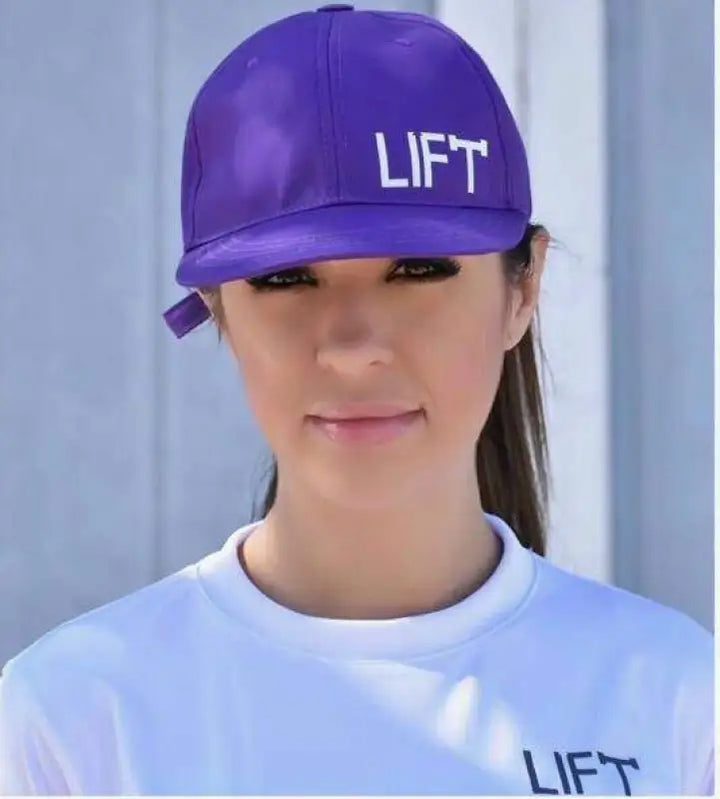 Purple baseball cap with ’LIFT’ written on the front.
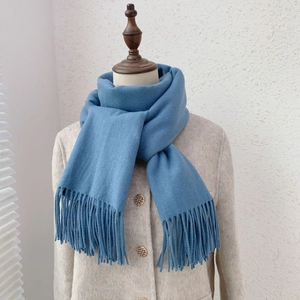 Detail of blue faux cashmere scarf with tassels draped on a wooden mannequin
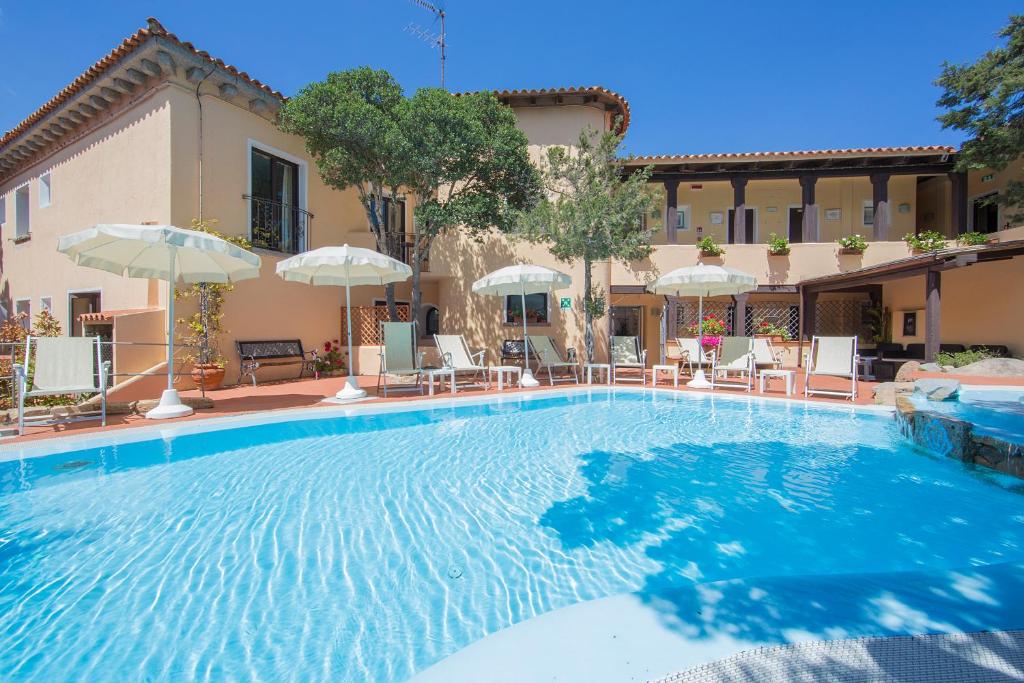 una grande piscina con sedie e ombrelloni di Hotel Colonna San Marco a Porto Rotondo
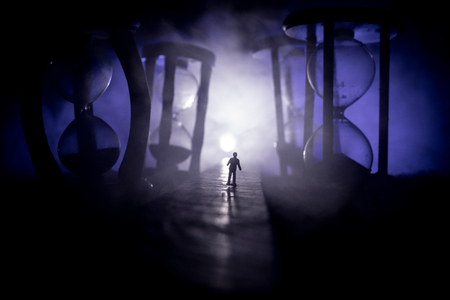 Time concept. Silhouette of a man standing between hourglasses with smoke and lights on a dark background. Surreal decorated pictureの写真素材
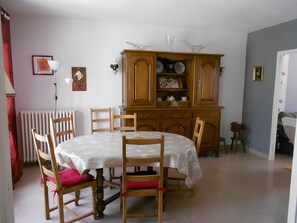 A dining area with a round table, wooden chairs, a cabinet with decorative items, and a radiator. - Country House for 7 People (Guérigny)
_ _ _
§ WHAT YOU WILL DO:
Leave the pictures aside and give the records above back word for word.

§ ANSWER SECTION:
 Purple baseball cap with ’LIFT’ written on the front.
 Detail of blue faux cashmere scarf with tassels draped on a wooden mannequin
 una grande piscina con sedie e ombrelloni di Hotel Colonna San Marco a Porto Rotondo
 Time concept. Silhouette of a man standing between hourglasses with smoke and lights on a dark background. Surreal decorated pictureの写真素材
 A dining area with a round table, wooden chairs, a cabinet with decorative items, and a radiator. - Country House for 7 People (Guérigny)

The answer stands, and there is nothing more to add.